WORK INSTRUCTION: Take the records below and set down exactly the lines from the one with "Мука зародышей пшеницы: польза" to the one with "Indian Ring Neck Talking Parrot", ends included; do not copy the pictures.

SOURCE MATERIAL:
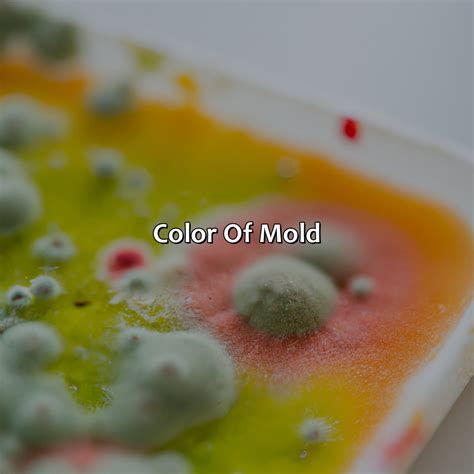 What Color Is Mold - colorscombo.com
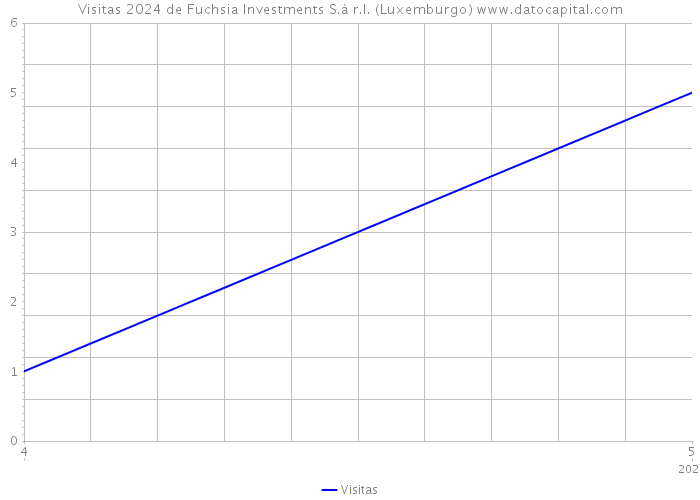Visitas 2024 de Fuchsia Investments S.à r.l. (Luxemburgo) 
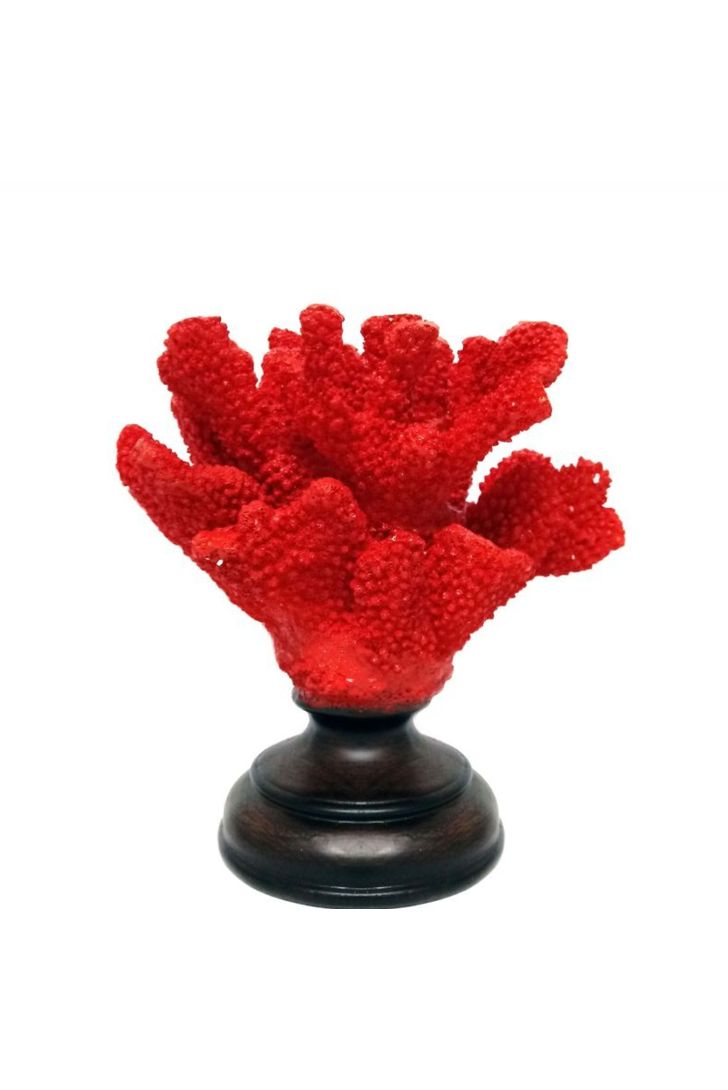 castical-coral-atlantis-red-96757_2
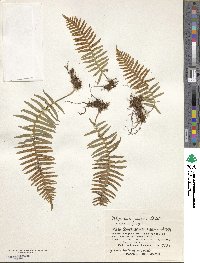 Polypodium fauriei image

---

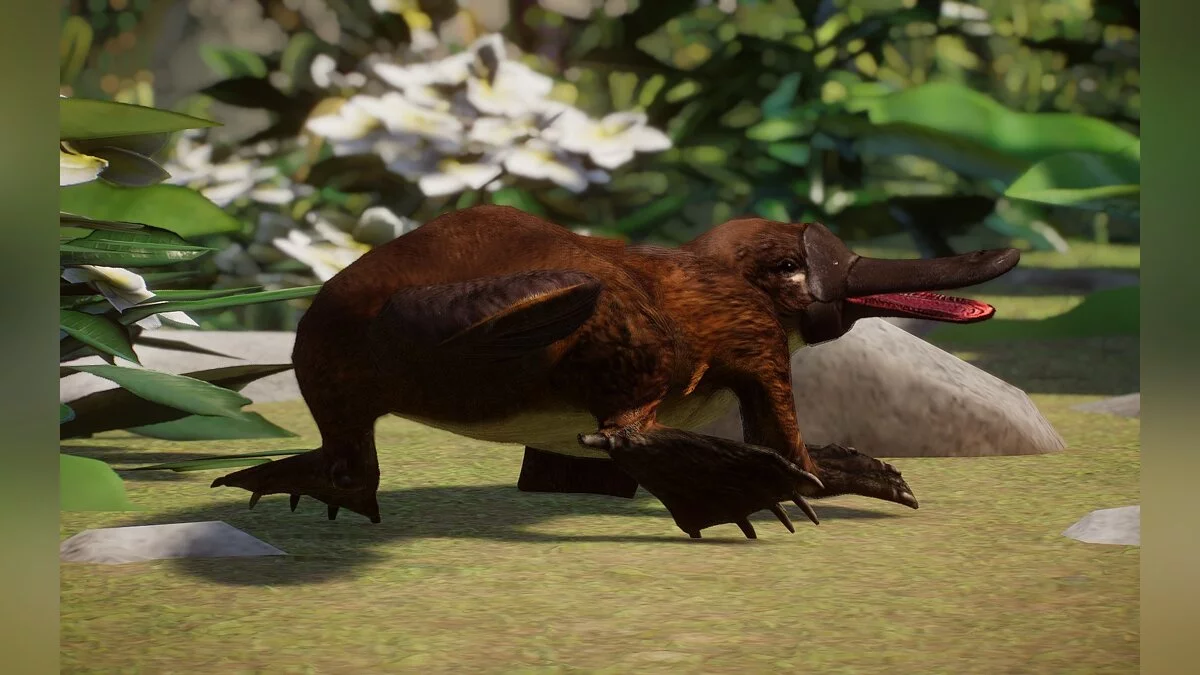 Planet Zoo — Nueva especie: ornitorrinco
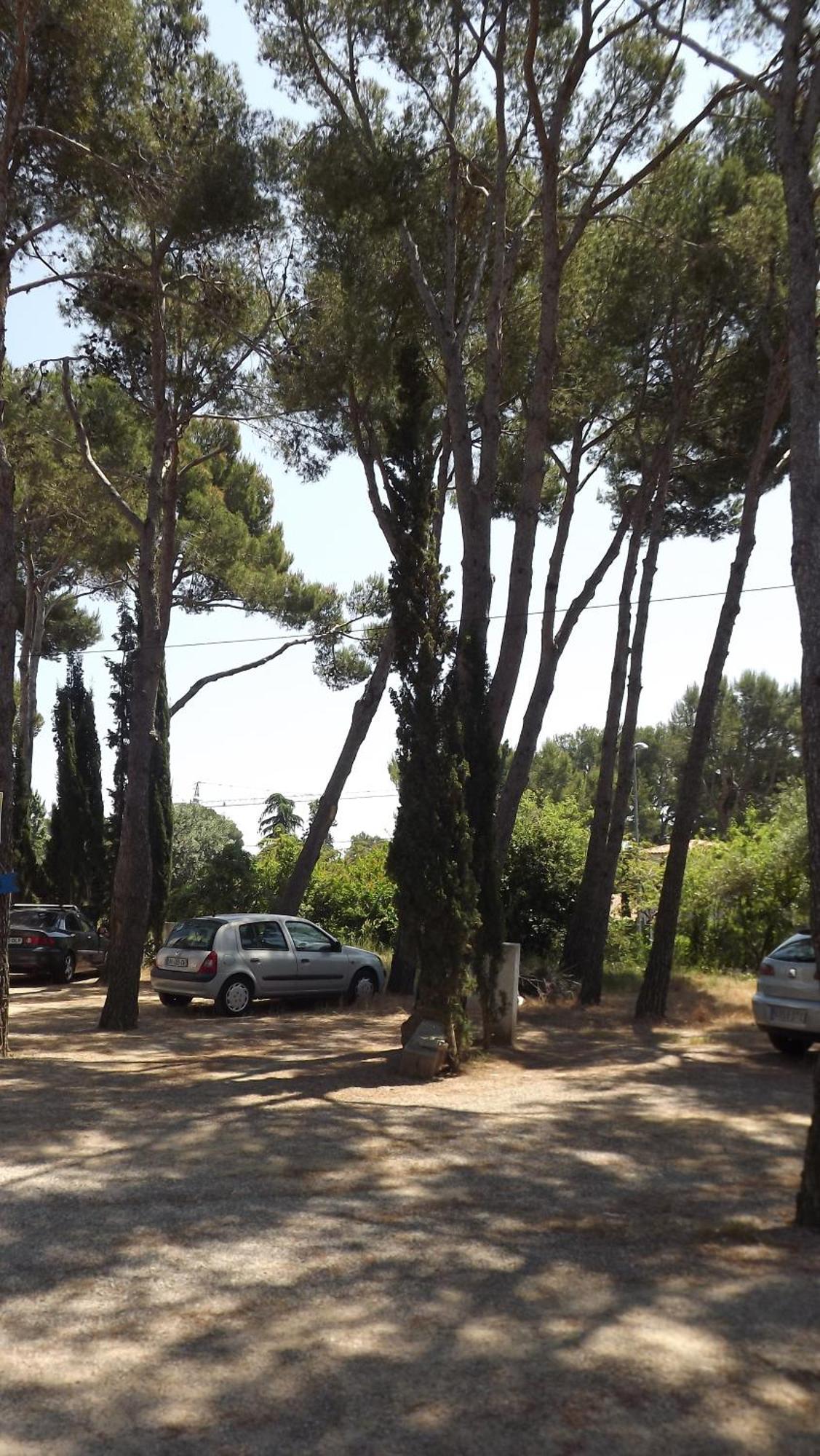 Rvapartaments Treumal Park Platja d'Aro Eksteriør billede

--

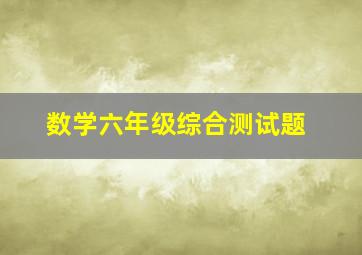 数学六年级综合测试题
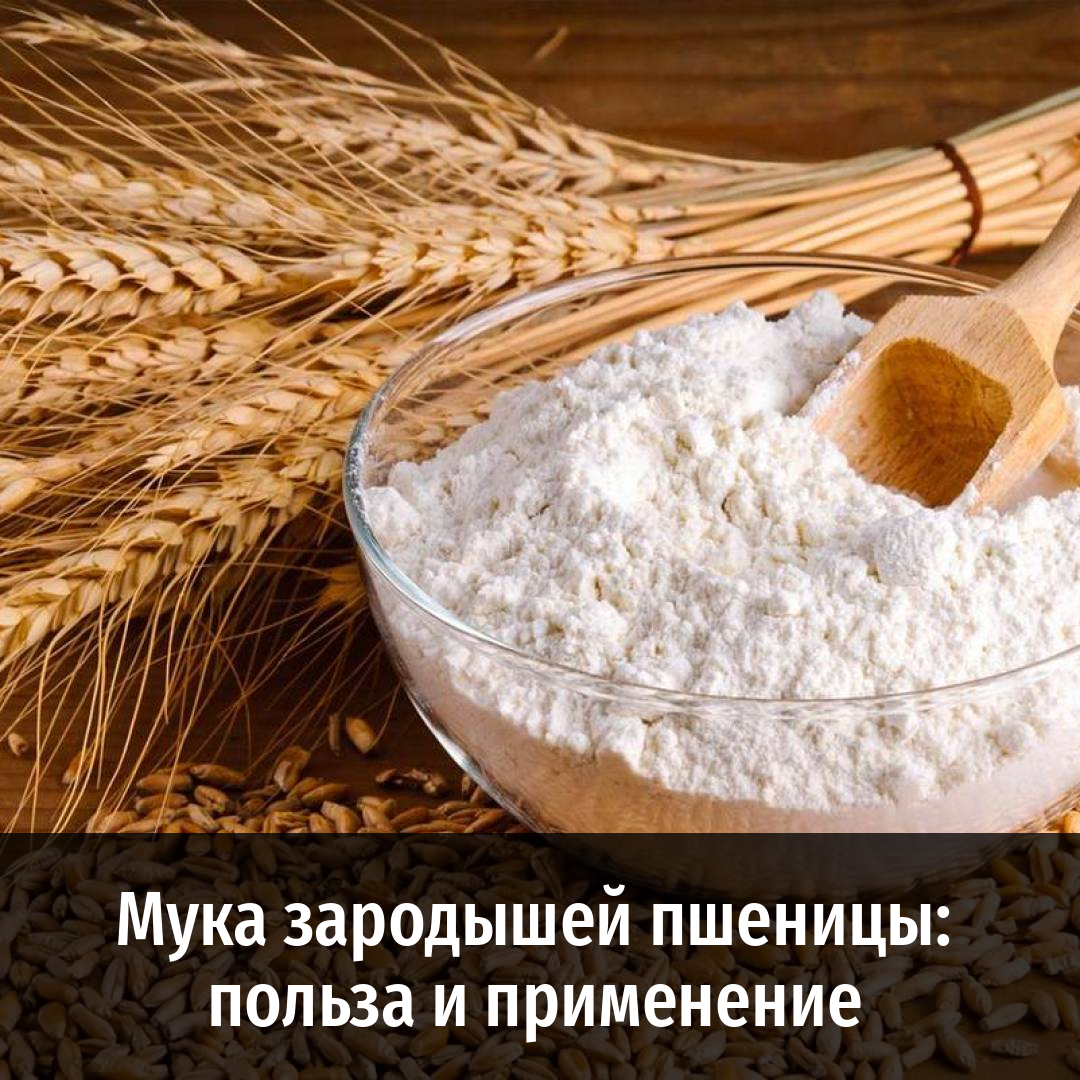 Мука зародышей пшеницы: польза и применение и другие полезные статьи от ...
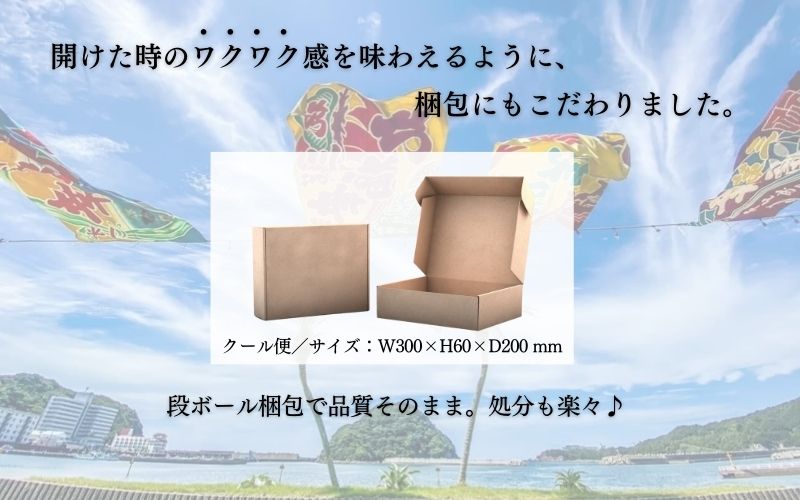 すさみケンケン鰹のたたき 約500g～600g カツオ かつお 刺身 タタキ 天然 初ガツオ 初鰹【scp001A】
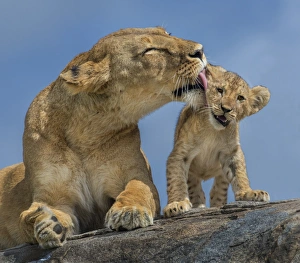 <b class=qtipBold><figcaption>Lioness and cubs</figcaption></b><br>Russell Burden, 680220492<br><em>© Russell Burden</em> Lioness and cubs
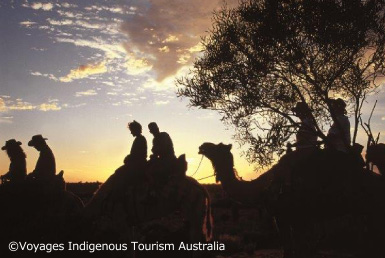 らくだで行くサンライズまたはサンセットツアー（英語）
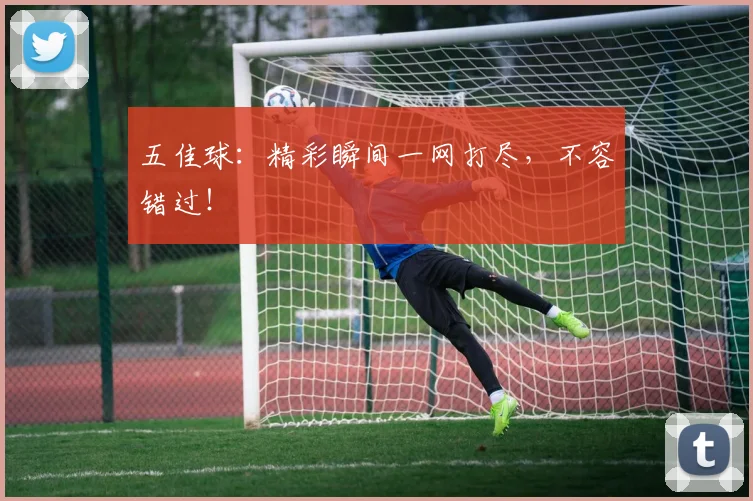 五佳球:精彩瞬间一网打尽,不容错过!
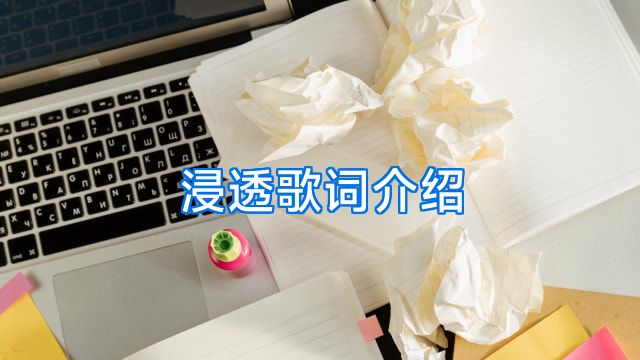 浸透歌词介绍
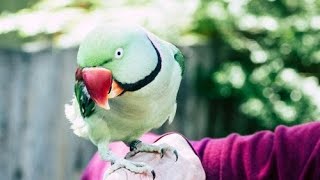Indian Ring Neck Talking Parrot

SOLUTION TO THE EXERCISE:
 Мука зародышей пшеницы: польза и применение и другие полезные статьи от ...
 すさみケンケン鰹のたたき 約500g～600g カツオ かつお 刺身 タタキ 天然 初ガツオ 初鰹【scp001A】
 <b class=qtipBold><figcaption>Lioness and cubs</figcaption></b><br>Russell Burden, 680220492<br><em>© Russell Burden</em> Lioness and cubs
 らくだで行くサンライズまたはサンセットツアー（英語）
 五佳球:精彩瞬间一网打尽,不容错过!
 浸透歌词介绍
Indian Ring Neck Talking Parrot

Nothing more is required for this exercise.